Yum! Brands (NYSE: YUM) caught Wall Street napping last week when it updated its fourth-quarter earnings guidance to say its recovery in China following yet another food scandal this past summer was progressing much slower than expected.
Yum! Brands gets a haircut
The owner of KFC, Pizza Hut, and Taco Bell downgraded its full-year guidance for 6% to 10% earnings-per-share growth to mid-single digits. And while it had expected same-store sales in China to be negative, it now said they also would be down by middle single-digit rates for the year.
For analysts, this was a wake-up call. They said the drop in full-year comps implied those sales had fallen hard in the fourth quarter, perhaps by as much as 20% (Yum! apparently clarified the point at its investor day presentation that comps would drop by at least 15%).
Although I had expected the sharp drop in sales after Yum! Brands' third-quarter results, this doesn't mean the stock isn't attractive. In fact, now might be a great time to buy.
3 strikes and you're out?
Quick recap: late July finds Yum! Brands and McDonald's (NYSE:MCD) reeling from a scandal involving a supplier using tainted meat. While the burger chain was more reliant upon the supplier than Yum! (it was the sole supplier of certain products for McDonald's Japanese division), the scandal amounted to the third time in about two years that Yum! Brands was dealing with food quality issues.
But the scandal broke in the middle of the third quarter, so when the KFC and Pizza Hut chains saw comps tumble 14% and 11%, respectively, for the quarter, that should have been a sign the damage was much greater than it seemed.
While management was saying Yum! was already rebounding, and Wall Street was buying into it, I cautioned investors that there was worse news to come.
Analysts think McDonald's actually fared better in the coming fourth quarter than Yum! Brands. With the Golden Arches' global same-store sales off 2.2% in November, they estimate McDonald's China comps will be down in the mid-single-digit range.

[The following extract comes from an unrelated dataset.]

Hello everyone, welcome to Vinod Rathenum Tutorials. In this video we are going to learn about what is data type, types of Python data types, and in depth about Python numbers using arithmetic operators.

Now the chickens are coming home to roost because of that earlier rosy assessment by analysts: Yum! Brands' stock has fallen more than 6% on the news.
It's now a tasty morsel
But this now represents a good opportunity for investors. The stock had been running up on unreasonable expectations. Now, with the price cut and the reduced guidance, Yum! Brands is trading at about 21 times estimated 2015 earnings. That represents a discount to other fast-food and fast-casual chains such as Burger King Worldwide (NYSE:BKW.DL), Buffalo Wild Wings (NASDAQ:BWLD), and Chipotle Mexican Grill (NYSE:CMG).

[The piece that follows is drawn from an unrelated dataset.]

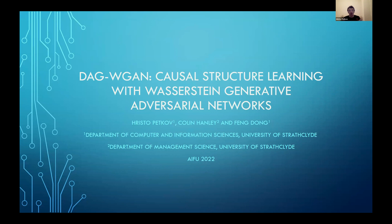Hello, my name is Crystal Petkoff. I am a PhD student from the University of Strathclyde, which is in the UK, and I am part of the Department of Computer and Information Sciences. Today we'll be talking about a topic which has a very wide range.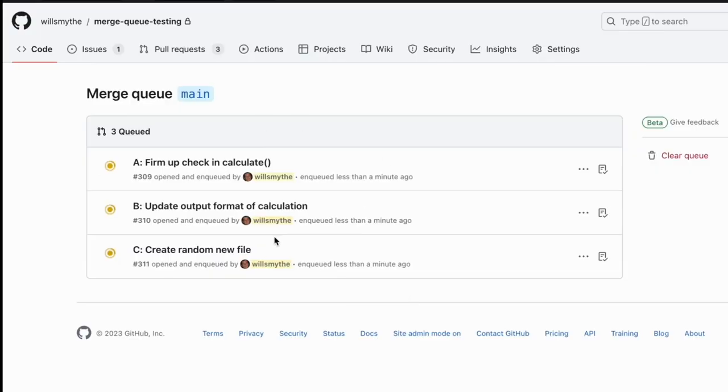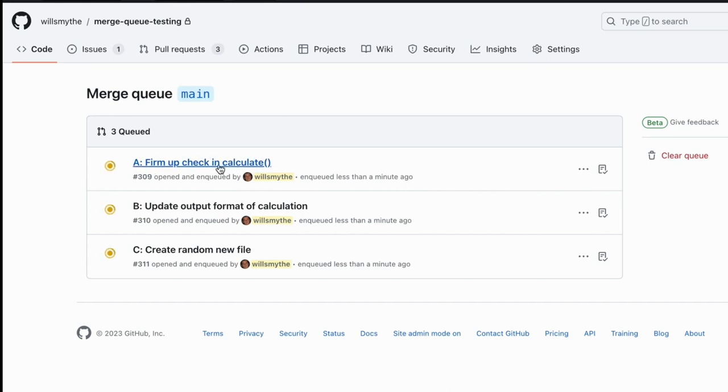But now the merge queue creates a temporary branch. This branch includes the source of the target branch, changes from pull requests ahead of you in the queue, and your own pull request changes.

Analysts at Stifel Research believe the situation in China provides a stick to push Yum! Brands to "de-risk" its exposure to the country, possibly spinning off its China division even.
However, that seems out of alignment with Yum!'s stated desire to be an international chain. Other analysts think Taco Bell would be a better spinoff candidate because it is almost wholly focused on the U.S., though Yum! did announce new expansion into India recently.
A whole other reason for enthusiasm
Therein lies the other leg of the bullish thesis. Yum! Brands is building out its global brand so that China will play an important but increasingly smaller role in its fortunes.
Currently, China accounts for more than half of Yum!'s revenue and 35% of its operating profit as of the third quarter. India brings just 1% of both. But Yum! plans on building out its operations in the country and anticipates India will drive substantial future growth for the company. With only two restaurants per million people in India (and China, too), compared with about 60 per million in the U.S., there's room still for significant expansion.
Next year will be another recovery year for Yum! Brands. But the shock to the system it got from the markets the other day was needed and provides investors with a long-term investment horizon a good buy-in opportunity.